There is, however, a growing minority of jurisdictions which have abandoned the immunity at least in motor vehicle negligence actions. The most recent additions to the list are Gelbman v. Gelbman, 23 N.Y. 2 d 434, 297 N.Y.S. 2 d 529, 245 N.E. 2d 192 (1969), overruling Badigian v. Badigian, 9 N.Y. 2 d 472, 215 N.Y.S. 2 d 35, 174 N.E. 2 d 718 (1961); Tamashiro v. DeGama, 450 P. 2d 998 (Sup. Ct. Haw. 1969); Silesky v. Kelman, 281 Minn. 431, 161 N.W. 2 d 631 (1968); Balts v. Balts, 273 Minn. 419, 142 N.W. 2 d 66 (1966); Hebel v. Hebel, 435 P. 2 d 8 (Sup. Ct. Alaska 1967); Briere v. Briere, 107 N.H. 432, 224 A. 2 d 588 (1966), overruling Levesque v. Levesque, 99 N.H. 147, 106 A. 2 d 563 (1954); Goller v. White, supra, overruling Schwenkhoff v. Farmers Mut. Automobile Ins. Co., 11 Wis. 2 d 97, 104 N.W. 2 d 154 (1960) and Wick v. Wick, 192 Wis. 260, 212 N.W. 787 (1927). As is true of interspousal immunity, virtually all of the academic writers on the subject have condemned parent-child immunity. See the authorities cited in the dissenting opinions of Justice Jacobs in Hastings v. Hastings, supra at 254-55, Heyman v. Gordon, supra at 56, and Franco v. Davis, supra at 243. There are more recent articles on the subject but they do not add to what has already been said. In any case, as we said in Immer, supra, we cannot be controlled by the number of jurisdictions which have abrogated the immunity, or the number of writers who have criticized it. Nevertheless, it is worth noting that the trend of court decisions appears to be away from the immunity doctrine.

After a review of the arguments for and against the parent-child immunity doctrine, we are of the opinion that it should be abrogated in this State. Reingold v. Reingold,

[56 NJ Page 507]

supra, Hastings v. Hastings, supra, and the cases which follow them are overruled. Our decision today goes no further than allowing suits between unemancipated children and their parents for injuries suffered as a result of the negligent operation of a motor vehicle. See dissenting opinion of Justice Jacobs in Hastings v. Hastings, supra at 261. We realize that there may be areas involving the exercise of parental authority and care over a child which should not be justiciable in a court of law. See Goller v. White, supra, Silesky v. Kelman, supra. But we are not confronted with such a situation in this case and we will not speculate on what limits, if any, the rule enunciated here should have.

For the reasons stated above, the defendants' counterclaim for contribution should be permitted to stand and the order of the trial court should be affirmed.
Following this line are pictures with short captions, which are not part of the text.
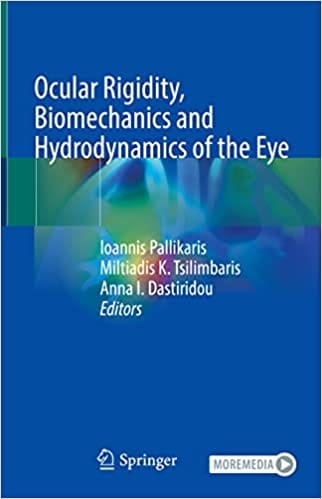 Ocular Rigidity Biomechanics And Hydrodynamics Of The Eye 1st Edition 2021 By Pallikaris I
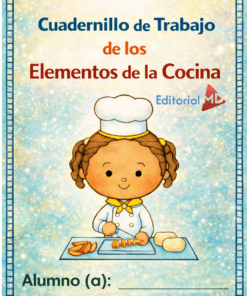 Portada del "Cuadernillo de Trabajo de los Elementos de la Cocina", que muestra a un sonriente niño cocinero cortando verduras en una cocina. El espacio inferior permite a los alumnos escribir sus nombres.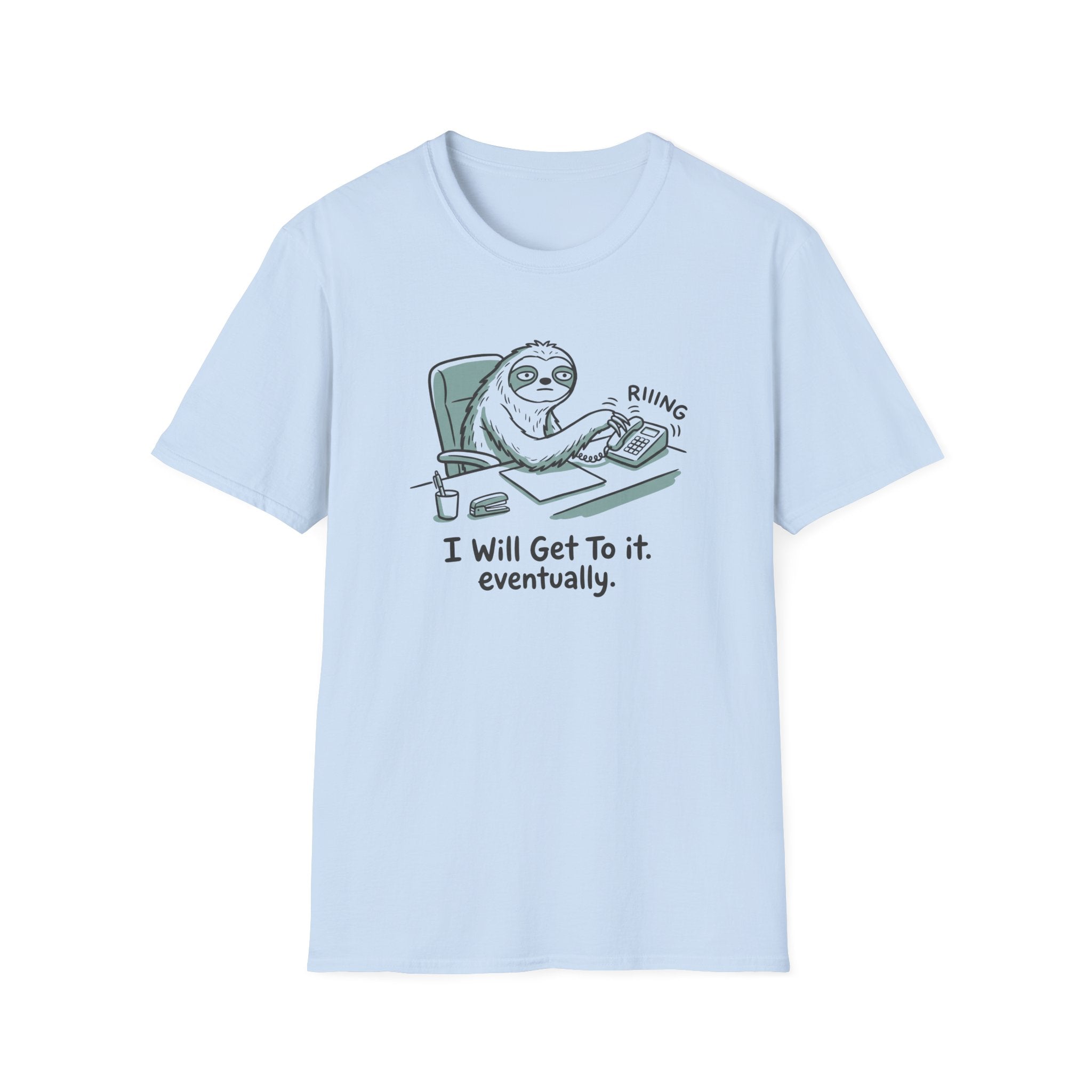 I Will Get To It Eventually T-Shirt
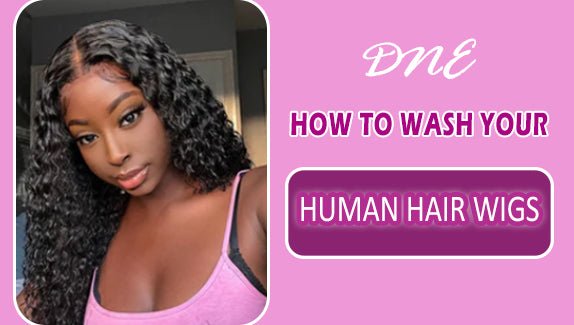 dne blog picture post on how to wash human hair wigs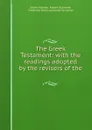 The Greek Testament: with the readings adopted by the revisers of the . - Edwin Palmer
FRANCIS, J. (dissenting). Basically for the reasons expressed in my dissent in Immer v. Risko, 56 N.J. 482 (1970), I cannot agree with the majority opinion in this case. In my judgment, the parent-child and interspousal tort immunity rules espoused by the then majority of the Court in Heyman v. Gordon, 40 N.J. 52 (1963); Hastings v. Hastings, 33 N.J. 247 (1960); Franco v. Davis, 51 N.J. 237 (1968); and Koplik v. C.P. Trucking Corp., 27 N.J. 1 (1958) are sound and ought to be preserved. Assuming their continued applicability, defendants' counterclaim for contribution against the husband and father would be barred. In Kennedy v. Camp, 14 N.J. 390 (1954), this Court held that the Joint Tortfeasors Contribution Law provides no remedy unless there are tortfeasors who have a joint or common liability. The immunity of Carroll E. France, Jr., under the cases cited above, remove him from the category of a possible tortfeasor, and therefore defendants' counterclaim must fall.